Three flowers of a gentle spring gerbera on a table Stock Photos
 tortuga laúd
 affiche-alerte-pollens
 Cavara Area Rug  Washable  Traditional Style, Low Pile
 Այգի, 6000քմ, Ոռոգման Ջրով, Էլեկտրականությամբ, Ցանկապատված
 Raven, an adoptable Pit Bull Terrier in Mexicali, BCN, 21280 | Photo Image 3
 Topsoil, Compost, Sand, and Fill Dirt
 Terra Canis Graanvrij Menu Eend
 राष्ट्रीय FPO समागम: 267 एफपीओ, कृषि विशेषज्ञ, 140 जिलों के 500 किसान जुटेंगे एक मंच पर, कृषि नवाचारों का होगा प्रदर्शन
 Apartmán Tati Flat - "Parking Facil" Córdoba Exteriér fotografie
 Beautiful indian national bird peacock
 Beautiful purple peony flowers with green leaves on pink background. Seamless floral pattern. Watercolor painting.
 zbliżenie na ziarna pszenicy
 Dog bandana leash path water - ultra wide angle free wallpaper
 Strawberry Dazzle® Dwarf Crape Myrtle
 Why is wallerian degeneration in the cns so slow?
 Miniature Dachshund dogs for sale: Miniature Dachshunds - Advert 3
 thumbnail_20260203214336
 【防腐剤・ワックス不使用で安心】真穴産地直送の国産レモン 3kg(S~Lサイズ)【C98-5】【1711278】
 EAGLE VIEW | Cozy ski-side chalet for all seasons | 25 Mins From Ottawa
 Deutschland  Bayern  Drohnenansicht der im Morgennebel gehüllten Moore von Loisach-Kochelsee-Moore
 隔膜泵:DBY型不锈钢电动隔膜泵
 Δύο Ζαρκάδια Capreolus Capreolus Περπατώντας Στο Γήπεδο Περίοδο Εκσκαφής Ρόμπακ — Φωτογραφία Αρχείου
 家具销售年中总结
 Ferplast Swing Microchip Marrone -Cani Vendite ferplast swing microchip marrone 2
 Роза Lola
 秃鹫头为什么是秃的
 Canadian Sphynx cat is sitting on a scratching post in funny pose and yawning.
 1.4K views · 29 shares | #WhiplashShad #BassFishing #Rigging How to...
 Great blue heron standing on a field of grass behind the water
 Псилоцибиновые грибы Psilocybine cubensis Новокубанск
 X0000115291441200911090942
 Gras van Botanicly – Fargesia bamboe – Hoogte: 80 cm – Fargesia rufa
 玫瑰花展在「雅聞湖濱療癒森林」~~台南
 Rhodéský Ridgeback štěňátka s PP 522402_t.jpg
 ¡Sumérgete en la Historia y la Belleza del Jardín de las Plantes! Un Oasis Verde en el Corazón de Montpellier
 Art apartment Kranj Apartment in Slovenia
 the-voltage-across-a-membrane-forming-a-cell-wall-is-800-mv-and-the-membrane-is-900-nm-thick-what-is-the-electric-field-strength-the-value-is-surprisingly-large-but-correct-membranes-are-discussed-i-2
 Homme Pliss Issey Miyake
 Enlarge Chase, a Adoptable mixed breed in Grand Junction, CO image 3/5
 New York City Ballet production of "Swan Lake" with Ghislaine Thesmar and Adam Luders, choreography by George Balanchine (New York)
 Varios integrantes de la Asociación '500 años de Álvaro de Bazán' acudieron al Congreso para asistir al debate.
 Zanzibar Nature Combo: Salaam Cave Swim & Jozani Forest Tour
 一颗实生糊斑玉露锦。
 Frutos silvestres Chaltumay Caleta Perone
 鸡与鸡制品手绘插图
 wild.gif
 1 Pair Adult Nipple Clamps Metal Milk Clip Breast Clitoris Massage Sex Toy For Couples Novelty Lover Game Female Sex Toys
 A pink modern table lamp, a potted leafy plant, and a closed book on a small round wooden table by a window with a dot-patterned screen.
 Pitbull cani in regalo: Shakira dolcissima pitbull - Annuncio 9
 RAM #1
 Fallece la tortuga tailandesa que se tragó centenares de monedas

> The task: Would you repeat all of the data above, word for word?

> Solution:
Three flowers of a gentle spring gerbera on a table Stock Photos
 tortuga laúd
 affiche-alerte-pollens
 Cavara Area Rug  Washable  Traditional Style, Low Pile
 Այգի, 6000քմ, Ոռոգման Ջրով, Էլեկտրականությամբ, Ցանկապատված
 Raven, an adoptable Pit Bull Terrier in Mexicali, BCN, 21280 | Photo Image 3
 Topsoil, Compost, Sand, and Fill Dirt
 Terra Canis Graanvrij Menu Eend
 राष्ट्रीय FPO समागम: 267 एफपीओ, कृषि विशेषज्ञ, 140 जिलों के 500 किसान जुटेंगे एक मंच पर, कृषि नवाचारों का होगा प्रदर्शन
 Apartmán Tati Flat - "Parking Facil" Córdoba Exteriér fotografie
 Beautiful indian national bird peacock
 Beautiful purple peony flowers with green leaves on pink background. Seamless floral pattern. Watercolor painting.
 zbliżenie na ziarna pszenicy
 Dog bandana leash path water - ultra wide angle free wallpaper
 Strawberry Dazzle® Dwarf Crape Myrtle
 Why is wallerian degeneration in the cns so slow?
 Miniature Dachshund dogs for sale: Miniature Dachshunds - Advert 3
 thumbnail_20260203214336
 【防腐剤・ワックス不使用で安心】真穴産地直送の国産レモン 3kg(S~Lサイズ)【C98-5】【1711278】
 EAGLE VIEW | Cozy ski-side chalet for all seasons | 25 Mins From Ottawa
 Deutschland  Bayern  Drohnenansicht der im Morgennebel gehüllten Moore von Loisach-Kochelsee-Moore
 隔膜泵:DBY型不锈钢电动隔膜泵
 Δύο Ζαρκάδια Capreolus Capreolus Περπατώντας Στο Γήπεδο Περίοδο Εκσκαφής Ρόμπακ — Φωτογραφία Αρχείου
 家具销售年中总结
 Ferplast Swing Microchip Marrone -Cani Vendite ferplast swing microchip marrone 2
 Роза Lola
 秃鹫头为什么是秃的
 Canadian Sphynx cat is sitting on a scratching post in funny pose and yawning.
 1.4K views · 29 shares | #WhiplashShad #BassFishing #Rigging How to...
 Great blue heron standing on a field of grass behind the water
 Псилоцибиновые грибы Psilocybine cubensis Новокубанск
 X0000115291441200911090942
 Gras van Botanicly – Fargesia bamboe – Hoogte: 80 cm – Fargesia rufa
 玫瑰花展在「雅聞湖濱療癒森林」~~台南
 Rhodéský Ridgeback štěňátka s PP 522402_t.jpg
 ¡Sumérgete en la Historia y la Belleza del Jardín de las Plantes! Un Oasis Verde en el Corazón de Montpellier
 Art apartment Kranj Apartment in Slovenia
 the-voltage-across-a-membrane-forming-a-cell-wall-is-800-mv-and-the-membrane-is-900-nm-thick-what-is-the-electric-field-strength-the-value-is-surprisingly-large-but-correct-membranes-are-discussed-i-2
 Homme Pliss Issey Miyake
 Enlarge Chase, a Adoptable mixed breed in Grand Junction, CO image 3/5
 New York City Ballet production of "Swan Lake" with Ghislaine Thesmar and Adam Luders, choreography by George Balanchine (New York)
 Varios integrantes de la Asociación '500 años de Álvaro de Bazán' acudieron al Congreso para asistir al debate.
 Zanzibar Nature Combo: Salaam Cave Swim & Jozani Forest Tour
 一颗实生糊斑玉露锦。
 Frutos silvestres Chaltumay Caleta Perone
 鸡与鸡制品手绘插图
 wild.gif
 1 Pair Adult Nipple Clamps Metal Milk Clip Breast Clitoris Massage Sex Toy For Couples Novelty Lover Game Female Sex Toys
 A pink modern table lamp, a potted leafy plant, and a closed book on a small round wooden table by a window with a dot-patterned screen.
 Pitbull cani in regalo: Shakira dolcissima pitbull - Annuncio 9
 RAM #1
 Fallece la tortuga tailandesa que se tragó centenares de monedas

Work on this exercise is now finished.